* Records shown
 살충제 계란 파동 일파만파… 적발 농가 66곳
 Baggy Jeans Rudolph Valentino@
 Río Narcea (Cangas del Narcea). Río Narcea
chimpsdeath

==

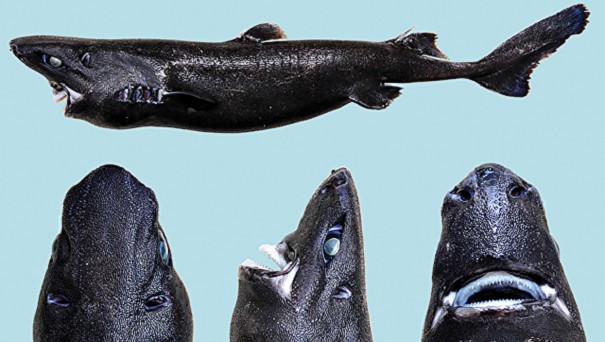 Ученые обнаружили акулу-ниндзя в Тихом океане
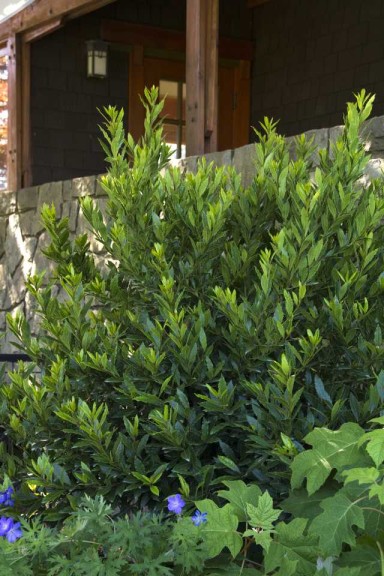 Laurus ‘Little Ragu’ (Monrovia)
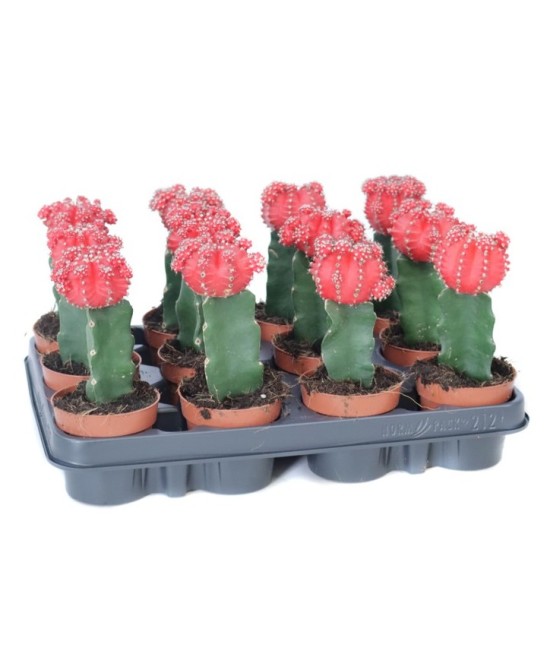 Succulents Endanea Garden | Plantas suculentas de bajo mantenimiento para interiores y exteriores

* To do
From the records above, print exactly the lines that run from the line with "살충제 계란 파동 일파만파… 적발 농가 66곳" to the line with "chimpsdeath", inclusive.

* Exercise answer
 살충제 계란 파동 일파만파… 적발 농가 66곳
 Baggy Jeans Rudolph Valentino@
 Río Narcea (Cangas del Narcea). Río Narcea
chimpsdeath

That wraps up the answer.